Exercise description >> Every line from the one holding "Луксозен Кожен Калъф" through the one holding "Air Filter Factory" in the data below must be returned exactly, both ends included, with pictures left out and nothing else added.

Entries provided >>
────────────────────────────────────────

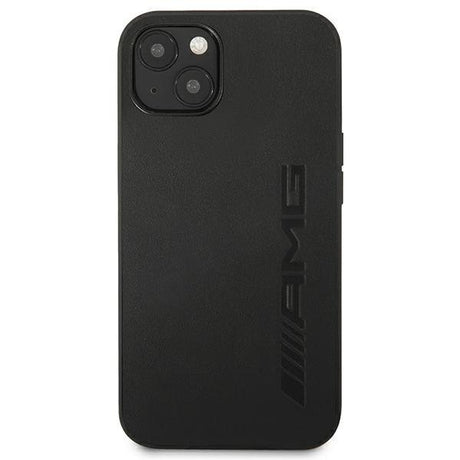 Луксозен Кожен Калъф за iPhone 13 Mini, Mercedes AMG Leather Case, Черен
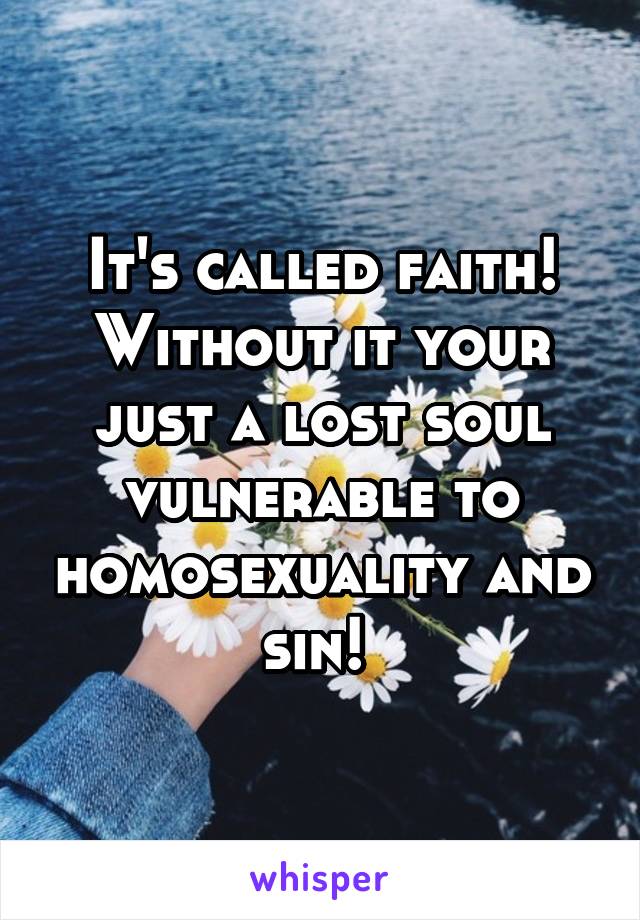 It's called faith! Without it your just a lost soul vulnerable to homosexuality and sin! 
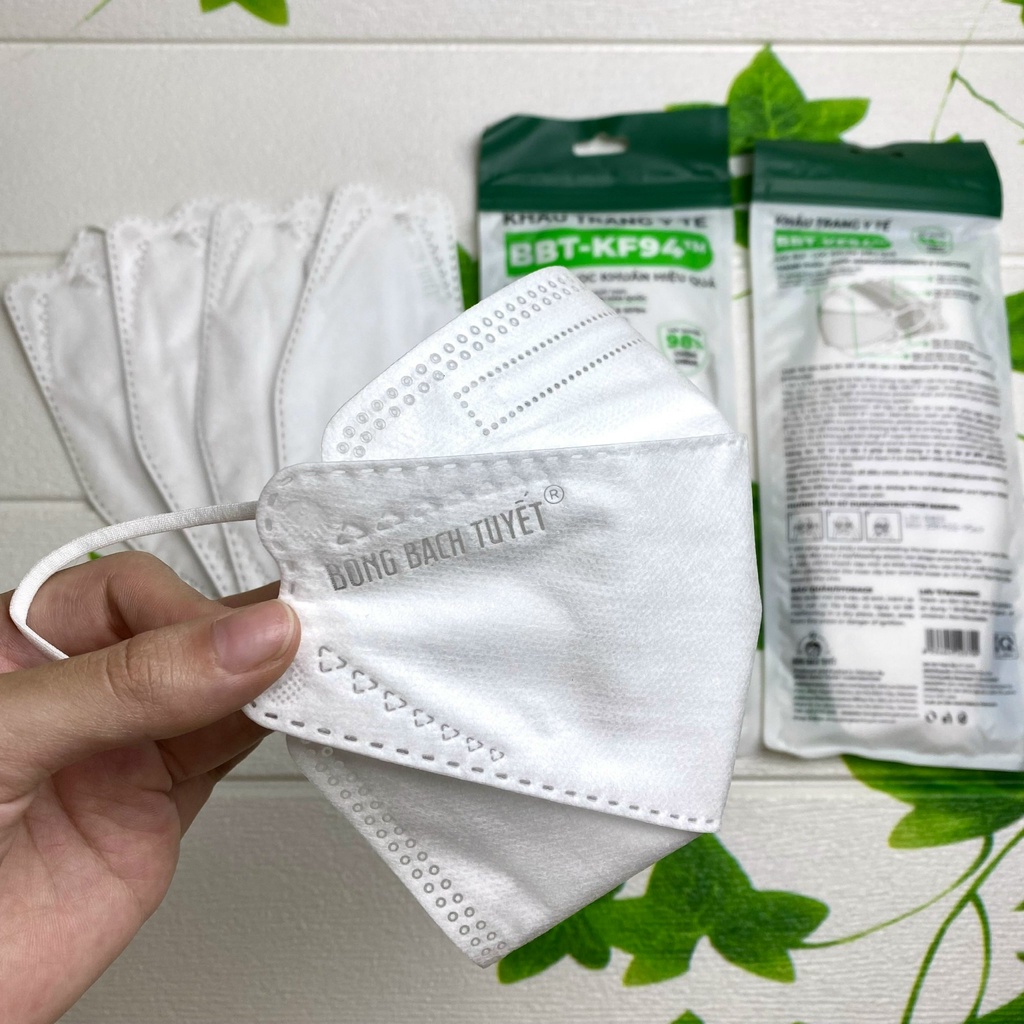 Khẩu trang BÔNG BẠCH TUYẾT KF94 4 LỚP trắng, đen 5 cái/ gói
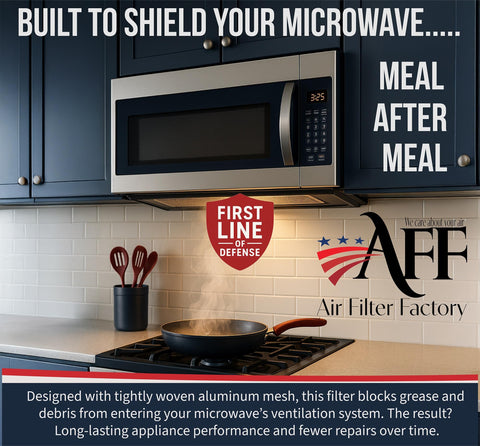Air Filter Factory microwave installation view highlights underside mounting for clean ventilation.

────────────────────────────────────────

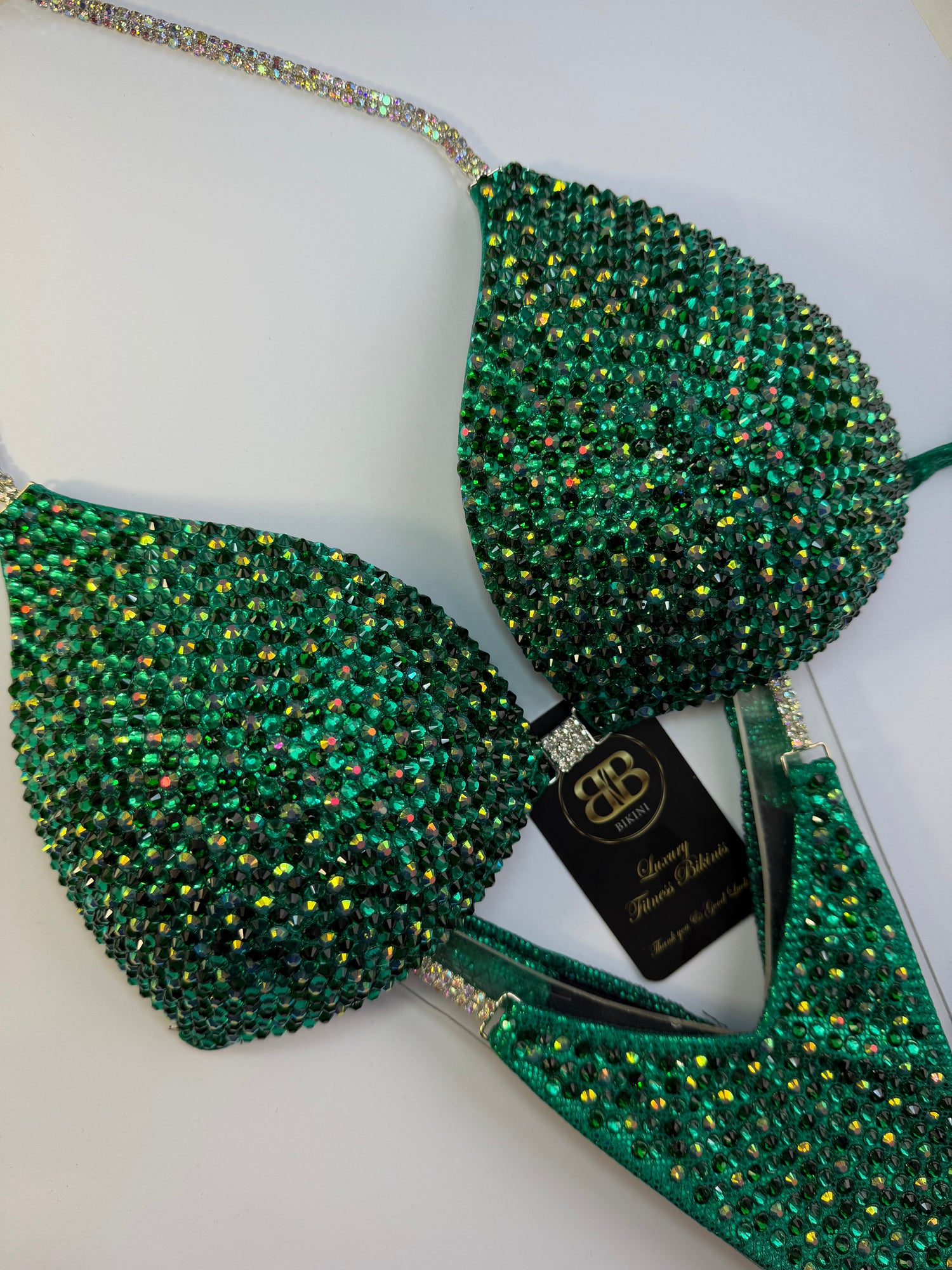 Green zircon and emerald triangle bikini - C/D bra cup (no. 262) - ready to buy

────────────────────────────────────────

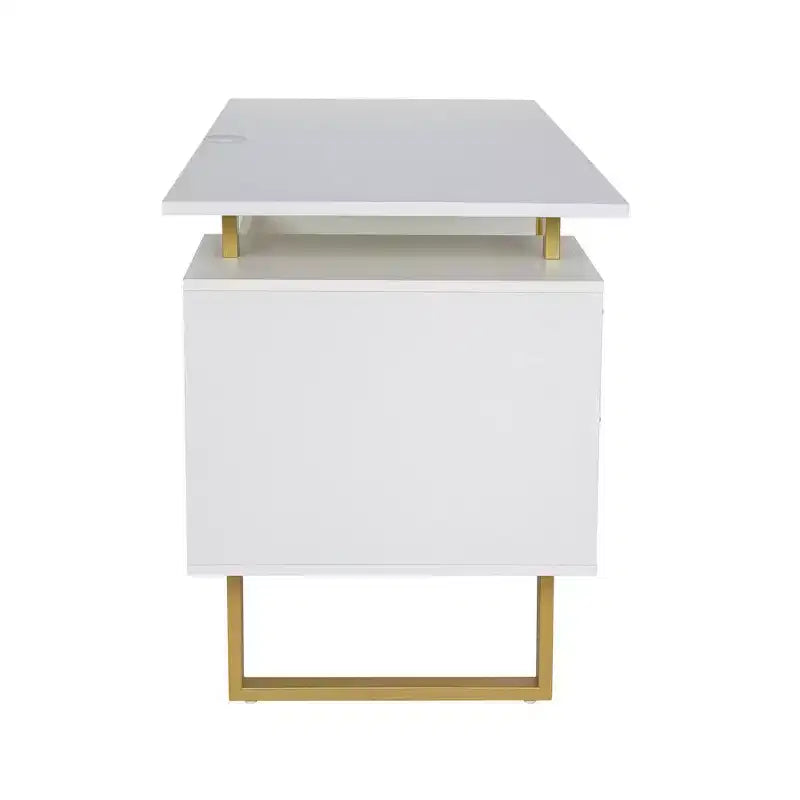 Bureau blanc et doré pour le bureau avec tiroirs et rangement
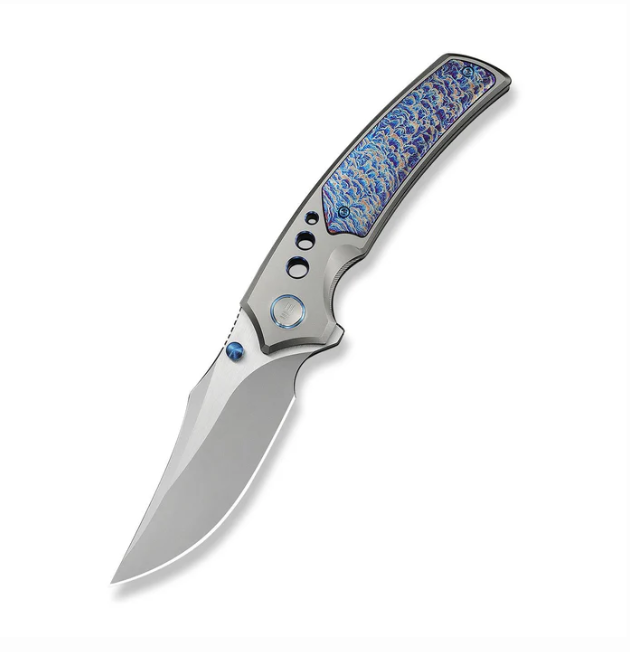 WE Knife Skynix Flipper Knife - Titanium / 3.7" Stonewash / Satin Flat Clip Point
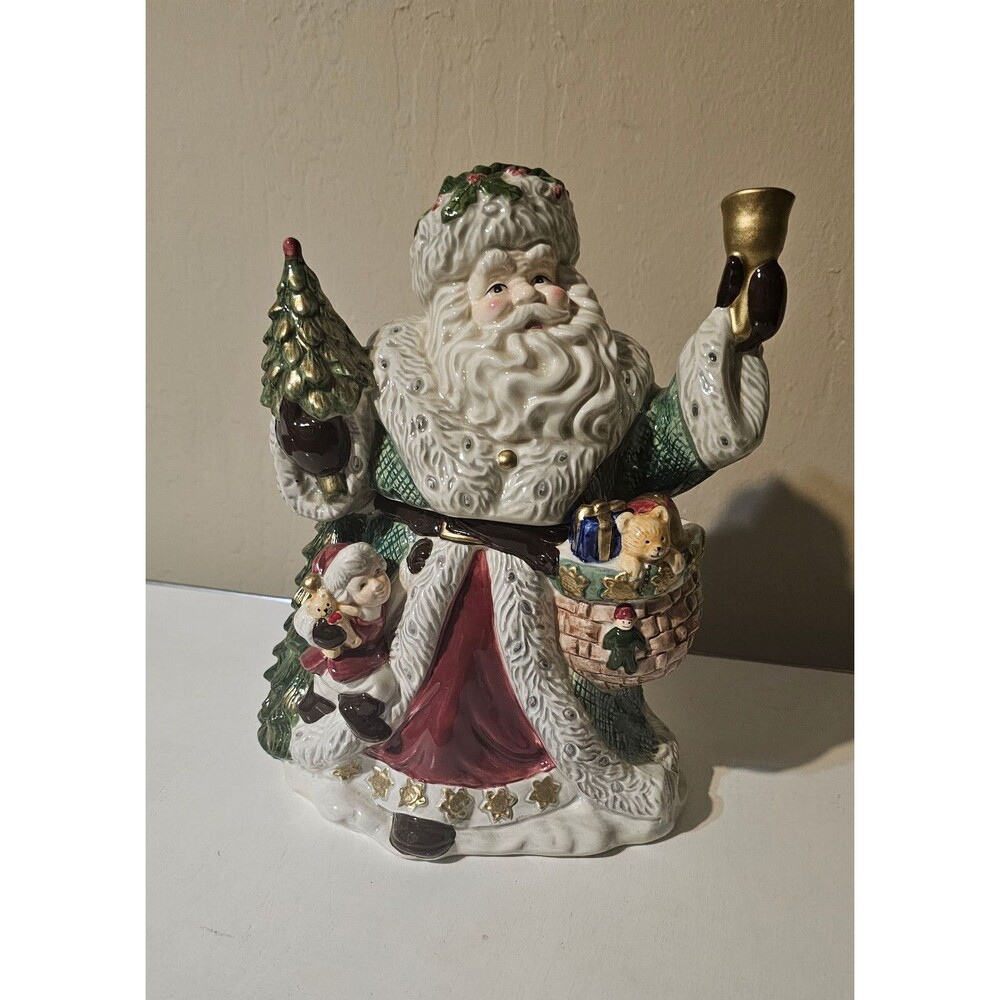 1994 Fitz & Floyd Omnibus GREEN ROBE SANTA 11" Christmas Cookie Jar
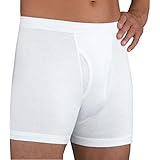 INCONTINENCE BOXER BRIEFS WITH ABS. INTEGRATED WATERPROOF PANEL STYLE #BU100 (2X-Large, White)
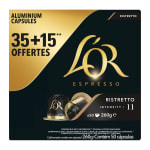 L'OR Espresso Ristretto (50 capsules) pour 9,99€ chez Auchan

────────────────────────────────────────

Exercise response >>
 Луксозен Кожен Калъф за iPhone 13 Mini, Mercedes AMG Leather Case, Черен
 It's called faith! Without it your just a lost soul vulnerable to homosexuality and sin! 
 Khẩu trang BÔNG BẠCH TUYẾT KF94 4 LỚP trắng, đen 5 cái/ gói
Air Filter Factory microwave installation view highlights underside mounting for clean ventilation.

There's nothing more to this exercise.